“O
inverno só é bom pra quem pode ficar na cama”, me disse um colega, muitos anos
atrás. Nós estávamos no campus da UFSM, era uma manhã fria de inverno e a
cerração cobria o sol e até mesmo alguns prédios e árvores. Tudo cinzento, o
mundo envolto numa névoa fina. Eu olhava a paisagem da porta de entrada do
nosso prédio e dizia que aquele cenário era digno de um poema.
“Tu
dizes isso porque nunca tiveste que acordar às quatro da manhã para ordenhar
vacas. Sair de chinelo, quebrar o gelo do campo com os pés, entrar numa
estrebaria cheirando a merda e depois ficar espremendo as tetas daqueles
bichos. Nada poético, nunca vi poesia nisso.”
Não
era a primeira vez que meu colega fazia o inventário dos sofrimentos que viveu
quando guri, na pequena propriedade rural da família.

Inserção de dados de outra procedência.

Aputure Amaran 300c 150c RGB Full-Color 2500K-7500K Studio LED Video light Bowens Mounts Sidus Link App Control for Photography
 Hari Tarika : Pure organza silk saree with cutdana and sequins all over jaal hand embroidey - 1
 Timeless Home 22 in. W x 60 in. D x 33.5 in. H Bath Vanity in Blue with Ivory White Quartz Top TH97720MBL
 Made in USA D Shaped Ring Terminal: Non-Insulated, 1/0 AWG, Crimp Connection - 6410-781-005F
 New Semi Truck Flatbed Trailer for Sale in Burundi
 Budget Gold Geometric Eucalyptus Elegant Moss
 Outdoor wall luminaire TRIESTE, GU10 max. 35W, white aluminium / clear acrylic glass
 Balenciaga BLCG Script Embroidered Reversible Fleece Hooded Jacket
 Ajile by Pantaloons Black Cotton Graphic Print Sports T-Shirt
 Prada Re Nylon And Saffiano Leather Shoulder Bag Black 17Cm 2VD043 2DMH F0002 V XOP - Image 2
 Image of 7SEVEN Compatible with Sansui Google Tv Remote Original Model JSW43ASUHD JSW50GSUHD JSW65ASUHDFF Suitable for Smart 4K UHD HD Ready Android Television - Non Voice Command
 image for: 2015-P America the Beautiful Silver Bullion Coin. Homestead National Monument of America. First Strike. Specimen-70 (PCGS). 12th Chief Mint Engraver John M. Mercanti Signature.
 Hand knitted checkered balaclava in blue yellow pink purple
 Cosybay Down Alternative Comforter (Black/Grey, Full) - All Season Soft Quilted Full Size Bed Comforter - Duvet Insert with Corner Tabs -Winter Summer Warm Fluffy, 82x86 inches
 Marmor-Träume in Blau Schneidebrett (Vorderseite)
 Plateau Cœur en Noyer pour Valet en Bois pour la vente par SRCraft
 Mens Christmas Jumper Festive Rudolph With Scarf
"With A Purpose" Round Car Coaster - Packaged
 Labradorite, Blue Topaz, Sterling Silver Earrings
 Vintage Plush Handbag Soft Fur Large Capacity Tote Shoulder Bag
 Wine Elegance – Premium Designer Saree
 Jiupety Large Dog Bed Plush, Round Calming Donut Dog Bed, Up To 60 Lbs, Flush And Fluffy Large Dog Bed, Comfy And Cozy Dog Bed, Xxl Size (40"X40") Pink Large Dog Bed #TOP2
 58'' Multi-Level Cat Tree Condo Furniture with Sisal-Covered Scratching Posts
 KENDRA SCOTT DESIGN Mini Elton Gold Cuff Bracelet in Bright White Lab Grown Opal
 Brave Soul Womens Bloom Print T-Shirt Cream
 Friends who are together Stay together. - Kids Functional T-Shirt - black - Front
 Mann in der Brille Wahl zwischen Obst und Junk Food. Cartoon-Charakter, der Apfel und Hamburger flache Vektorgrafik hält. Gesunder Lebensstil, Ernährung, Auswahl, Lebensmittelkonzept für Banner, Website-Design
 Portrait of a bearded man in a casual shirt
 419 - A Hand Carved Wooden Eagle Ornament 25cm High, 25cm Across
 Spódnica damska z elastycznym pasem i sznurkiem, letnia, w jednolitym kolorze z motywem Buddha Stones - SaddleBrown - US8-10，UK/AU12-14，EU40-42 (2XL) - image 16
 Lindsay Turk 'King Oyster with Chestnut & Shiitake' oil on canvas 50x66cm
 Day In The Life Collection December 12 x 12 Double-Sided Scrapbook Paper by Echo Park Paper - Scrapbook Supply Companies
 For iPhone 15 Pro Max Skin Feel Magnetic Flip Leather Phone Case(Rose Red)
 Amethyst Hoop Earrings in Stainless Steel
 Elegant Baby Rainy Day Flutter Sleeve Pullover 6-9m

Bisneto, neto e filho de
colonos da região de Imigração Italiana, meu colega passou a infância e
juventude trabalhando duro e imaginando como abandonar aquele mundo. Por volta dos quinze anos se
enfiou num seminário, achando que tinha vocação religiosa.
“Até
me enganei pensando que queria ser padre. Demorei para me dar conta de que não
era isso que queria e, quando ficou claro, ouvi o padre-mestre dizer que
eu não tinha caráter. Nenhum pingo de caráter, ele acentuou. Senti uma vergonha danada, mas segui em frente, saí do seminário e nunca voltei para a casa
dos pais.”
Meu
colega cumpriu uma sofrida trajetória para não sucumbir à herança rural dos
antepassados. “Me incomodava a minha matriz camponesa”, ele me disse várias
vezes.
Por isso lembrei da sua história ao ler o pequeno livro de Annie Ernaux, “O
lugar”, no qual a escritora premiada pelo Nobel em 2022 narra a sua relação com
o pai camponês.[1]
Isto é, um pai de origem camponesa, que também ordenhou vacas às cinco da manhã
e teve vida dura na Normandia, no início do século XX. Depois de trabalhar
muito no campo se tornou operário e, mais tarde, proprietário de um pequeno bar
e mercearia. Enriqueceu, se comparado aos seus familiares, mas nunca conseguiu
raspar da pele, do seu jeito de falar, o que adquiriu na infância e juventude
de camponês. Por conta disso, se sentiu inferiorizado até o final da vida (aos
68 anos).
Meu
colega se sentia inferior? Não sei. Tornou-se professor universitário, fez pós-graduação, mas nunca esqueceu o passado rural. Tinha
necessidade de falar disso. Relembrava a ordenha das vacas, o frio do inverno, o
trabalho no cabo da enxada e a rusticidade do seu cotidiano. “Vida de merda”, dizia.
Conheci
e convivi com outras pessoas que também tiveram infância no campo e sempre o
mesmo relato de trabalho e precariedade. Às vezes com alguma brutalidade também
(as surras dadas pelos pais, por exemplo). A maioria com origem na imigração
italiana ocorrida no século XIX. Alguns até me olhando feio devido a minha
origem na classe média urbana, a minha vivência de criança e adolescente cercada
de confortos que eles só experimentaram na idade adulta.
Muito
injusto esse mundo em que vivemos.
Mas devo dizer que meu colega, antes de se aposentar, comprou um sítio na mesma região em que nasceu. Um sítio com casa de material, banheiro na parte interna e até uma lareira. Um sítio para lazer. E imagino que ali ele reconfigurou a vida dura que teve e, nas manhãs frias de inverno, ficou na cama até tarde. Mas apenas imagino. Não sei o que se passa na cabeça de quem rompeu com a rude vida rural das colônias e se integrou ao universo confortável da classe média urbana. Não sei. Conheço apenas o que leio, escuto e acrescento com a minha imaginação. E recordo o meu colega falando que se acordava de madrugada para ordenhar vacas... tal qual o pai da escritora Annie Ernaux.
[1] ARNAUX, Annie. O lugar. São Paulo: Fósforo, 2021. 92 p.